Adapun gambar pepohonan atau tumbuh-tumbuhan dan buah-buahan atau semisalnya, maka hal seperti ini tidaklah mengapa menurut ijma’ (kesepakatan) ulama.

11. Siapa saja yang memiliki sifat 'Utul, Jawwadzh, Mustakbir.

'Utul adalah sifat dengan gambaran keras, kasar, tidak ada keramahan dan kelembutan menerima al Haq maupun kepada sesama makhluk.
Jawwadzh adalah sifat dengan gambaran pelit, kikir, pengumpul harta namun menahan infaq dan shadaqah.
Mustakbir adalah sifat dengan gambaran sombong dan angkuh, menolak kebenaran dan merendahkan sesama manusia lainnya serta jauh dari sifat tawadhu'
.

Hal ini berdasarkan sabda Nabi shallallahu 'alaihi wa sallam :

ألا أُخْبِرُكُمْ بأَهْلِ النَّارِ كُلُّ عُتُلٍّ جَوّاظٍ مُسْتَكْبِرٍ

“Dan maukah kalian aku beritahukan mengenai penghuni neraka?
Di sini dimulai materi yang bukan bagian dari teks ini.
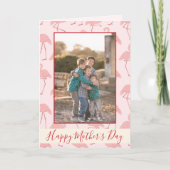 Carte Flamants roses Joyeuse fête des mères Photo (Devant)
Yaitu setiap yang beringas membela kebatilan, pelit lagi sombong” (HR. Bukhari: 4918, Muslim: 2853)


12. Menggunakan bejana untuk makan dan minum yang terbuat dari emas dan perak.

Berdasarkan sabda Nabi shallallahu 'alaihi wa sallam :

إن الذي يأكل أو يشَرِبَ في آنية الذَهبٍ والفِضَّة فإنَّما يُجرجِرُ في بطنِه نارًا من جَهنَّم

“siapa saja yang makan dan minum menggunakan bejana yang terbuat dari emas dan perak, hakikatnya sedang memasukkan api neraka ke dalam perutnya” (HR. Bukhari: 5634, Muslim: 2065)


Saudaraku! Begitu banyak faktor-faktor yang dapat memasukkan kita ke neraka, maka waspadalah.